Google Password Manager on Android may be on the verge of supporting passkey import and export, a feature that would make switching devices significantly less disruptive for users who rely on passkey-based authentication. Passkeys have been gaining traction as a more secure and user-friendly alternative to traditional passwords, operating through a cryptographic system in which a private key is stored locally on the user’s device while a corresponding public key is shared with the websites, applications, or services the user wants to access. When logging in, users simply verify their identity through biometric methods such as facial recognition or a fingerprint, and the device confirms ownership of the matching public key, eliminating the need to type or remember passwords altogether.
The most pressing challenge with passkeys has always been portability. When a user upgrades to a new phone, loses a device, or deals with hardware failure, moving the private key stored on the old device to a new one has not been straightforward, and in many cases required users to re-enrol with every service from scratch.

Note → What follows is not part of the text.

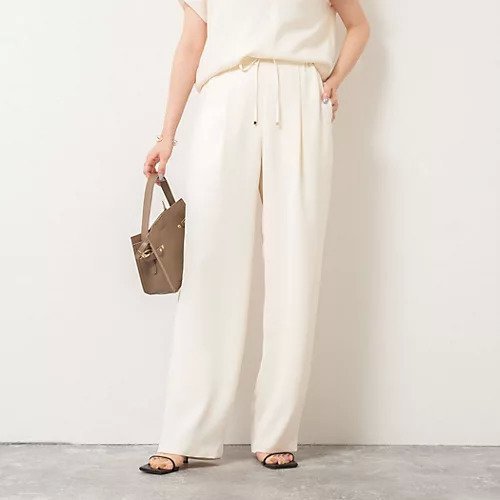 【ノーリーズソフィー/NOLLEY'S sophi】の《セットアップ対応》ウォッシャブルダブルクロスサテンイージーワイドパンツ インテリア・キッズ・メンズ・レディースファッション・服の通販 founy(ファニー) 　ファッション　Fashion　レディースファッション　Fashion for Women　セットアップ　Matching Sets　レディースパンツ・ボトムス　Pants & Trousers / Bottoms　2025年　2025　2025-2026秋冬・A/W　Autumn/Winter 2025–26 AW25–26　セットアップ　Set-Up, Coordinated Outfit　キナリ|ID: prp329100004601569 ipo3291000000032716437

To address this, the technology industry developed the Credential Exchange Protocol, commonly referred to as CXP, a secure transfer standard currently being developed and backed by the FIDO Alliance that allows passkeys to migrate between devices and password managers without requiring users to reset their credentials across every platform they use. Apple has already incorporated CXP support into iOS 26 and macOS 26, and major third-party password managers including Bitwarden and 1Password have also added support for the standard, meaning users of those ecosystems can already benefit from secure passkey portability.

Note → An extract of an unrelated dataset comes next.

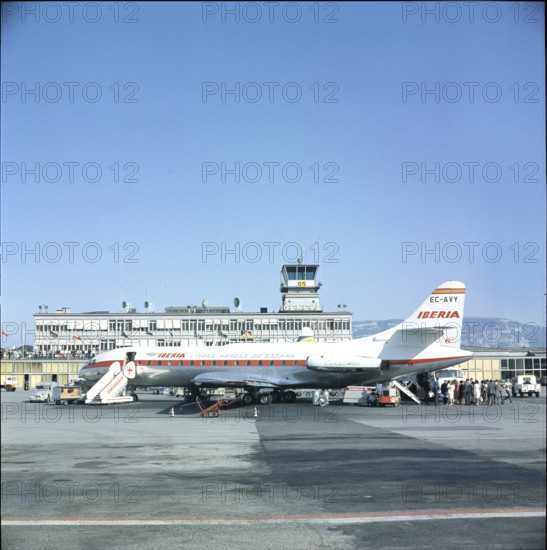Plane of the Iberia airline at Geneva-Cointrin 1970.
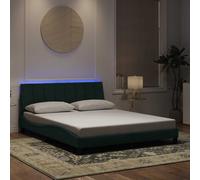Cadre de Lit avec LED sans Matelas Hanko Gris Foncé 180x200 cm Velours vidaXL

Google, however, has not yet officially brought CXP support to Google Password Manager or the Android platform more broadly, even as its competitors move ahead. That said, new findings suggest the groundwork may already be in place. A hidden interface discovered inside Google Password Manager already contains functionality for importing and exporting passkeys, a significant indicator that the technical infrastructure is further along than Google has publicly acknowledged. The discovery matters in particular because Android depends on Google Play Services and Google Password Manager to handle CXP-based transfers between different password managers on the platform. The presence of this concealed capability strongly suggests that official support for passkey migration on Android is closer than it might appear, and that when it does arrive, it could extend beyond Google’s own password manager to benefit other applications that handle credentials on Android, including Samsung Pass. For the hundreds of millions of Android users who have begun adopting passkeys, the prospect of being able to move their credentials as easily as their other data when switching devices would represent a meaningful improvement in how digital security works day to day.